Quote the lines below exactly, from the one that holds "Nâng mũi giúp" through the final line of the records, and only those.

========

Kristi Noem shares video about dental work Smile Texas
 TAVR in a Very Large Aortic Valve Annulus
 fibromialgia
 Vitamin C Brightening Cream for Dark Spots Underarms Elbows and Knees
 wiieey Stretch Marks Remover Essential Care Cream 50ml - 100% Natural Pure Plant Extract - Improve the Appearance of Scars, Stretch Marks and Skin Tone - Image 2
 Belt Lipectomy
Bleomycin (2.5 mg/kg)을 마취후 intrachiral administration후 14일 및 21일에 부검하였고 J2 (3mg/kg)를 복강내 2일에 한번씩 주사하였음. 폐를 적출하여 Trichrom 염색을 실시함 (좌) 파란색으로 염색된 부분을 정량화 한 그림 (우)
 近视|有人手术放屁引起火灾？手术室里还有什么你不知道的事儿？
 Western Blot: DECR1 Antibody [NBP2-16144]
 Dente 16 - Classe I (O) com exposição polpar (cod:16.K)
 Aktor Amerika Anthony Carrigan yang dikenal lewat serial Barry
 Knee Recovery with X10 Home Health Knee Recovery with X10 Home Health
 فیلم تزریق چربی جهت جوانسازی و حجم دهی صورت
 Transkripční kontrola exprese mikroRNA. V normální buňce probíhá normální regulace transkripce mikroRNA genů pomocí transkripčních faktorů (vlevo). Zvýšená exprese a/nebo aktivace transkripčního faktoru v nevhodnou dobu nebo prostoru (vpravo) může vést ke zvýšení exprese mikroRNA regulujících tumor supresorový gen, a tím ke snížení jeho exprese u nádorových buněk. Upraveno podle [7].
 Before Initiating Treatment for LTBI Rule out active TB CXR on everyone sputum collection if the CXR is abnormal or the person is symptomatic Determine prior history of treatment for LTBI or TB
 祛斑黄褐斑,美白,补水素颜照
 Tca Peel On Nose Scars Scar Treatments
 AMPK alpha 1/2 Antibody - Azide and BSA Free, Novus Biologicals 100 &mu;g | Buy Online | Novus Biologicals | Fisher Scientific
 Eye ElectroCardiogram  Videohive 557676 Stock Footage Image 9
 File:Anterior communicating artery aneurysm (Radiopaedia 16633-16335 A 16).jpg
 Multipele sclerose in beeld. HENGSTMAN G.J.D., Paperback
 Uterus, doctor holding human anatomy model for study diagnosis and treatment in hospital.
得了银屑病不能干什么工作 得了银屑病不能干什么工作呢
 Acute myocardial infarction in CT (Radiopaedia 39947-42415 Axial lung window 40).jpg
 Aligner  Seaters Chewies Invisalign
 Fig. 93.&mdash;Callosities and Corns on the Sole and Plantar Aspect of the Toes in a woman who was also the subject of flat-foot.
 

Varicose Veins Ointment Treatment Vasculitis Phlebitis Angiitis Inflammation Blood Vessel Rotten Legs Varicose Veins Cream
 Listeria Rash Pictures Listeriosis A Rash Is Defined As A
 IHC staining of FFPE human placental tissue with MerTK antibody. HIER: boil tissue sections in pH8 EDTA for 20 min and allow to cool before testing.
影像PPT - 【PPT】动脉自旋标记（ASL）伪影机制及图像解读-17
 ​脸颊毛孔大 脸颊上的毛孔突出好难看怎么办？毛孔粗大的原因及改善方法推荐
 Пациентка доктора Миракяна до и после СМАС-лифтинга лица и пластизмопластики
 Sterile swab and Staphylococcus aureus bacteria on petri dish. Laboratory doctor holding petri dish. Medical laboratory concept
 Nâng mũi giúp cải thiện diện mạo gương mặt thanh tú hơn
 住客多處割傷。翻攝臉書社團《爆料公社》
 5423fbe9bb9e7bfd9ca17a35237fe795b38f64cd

========

▶ Response to the exercise:
 Nâng mũi giúp cải thiện diện mạo gương mặt thanh tú hơn
 住客多處割傷。翻攝臉書社團《爆料公社》
 5423fbe9bb9e7bfd9ca17a35237fe795b38f64cd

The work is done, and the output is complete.